• _WORK INSTRUCTION_: Your copy should contain exactly the lines from the one that holds "Handmade Damascus Bowie" through the end of the material, reproduced as written, with no pictures.

• _EXERCISE DATA_:
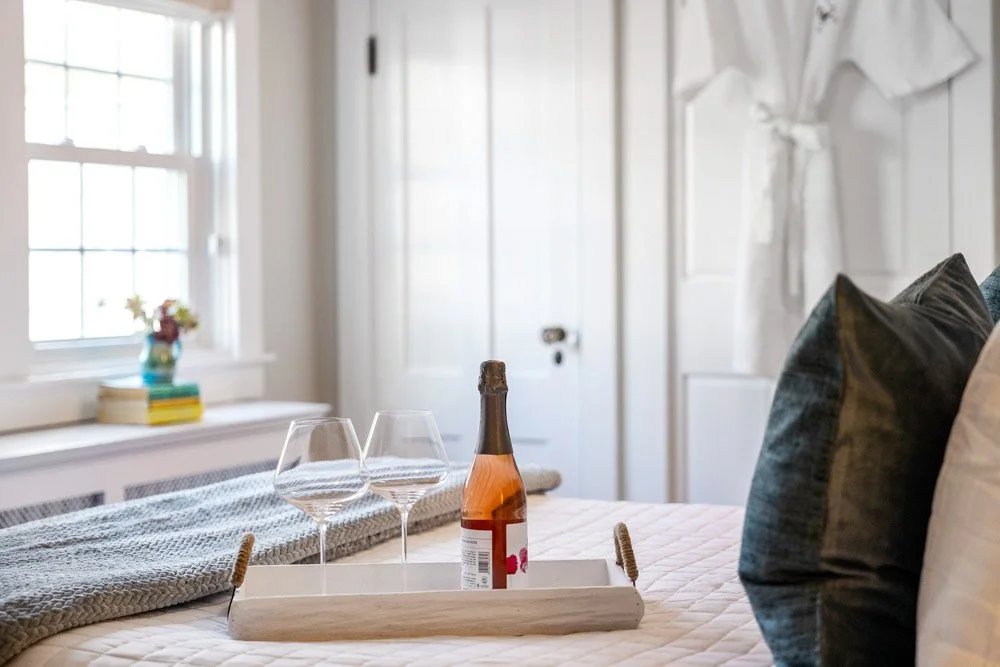 A tray with an unopened bottle of rosé wine and two empty wine glasses on a bed with pillows, in a bright bedroom with a window, a white door, and a vase of flowers on the windowsill.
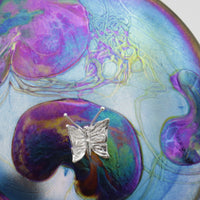 Butterfly on lily trail disc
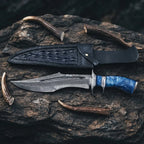 Handmade Damascus Bowie knife with a finger guard, featuring a 10-inch San Mai VG10/15N20 steel blade and a striking blue resin handle, presented with an Italian leather sheath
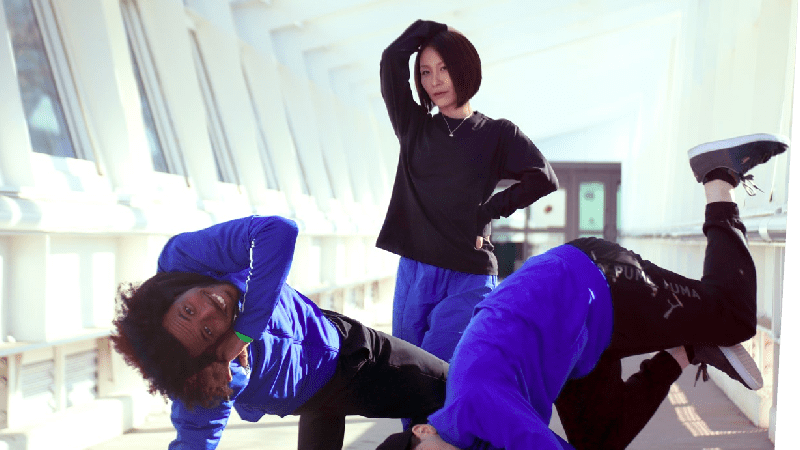 Three dancers in hip hop poses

• _RESULT OF THE EXERCISE_:
 Handmade Damascus Bowie knife with a finger guard, featuring a 10-inch San Mai VG10/15N20 steel blade and a striking blue resin handle, presented with an Italian leather sheath
 Three dancers in hip hop poses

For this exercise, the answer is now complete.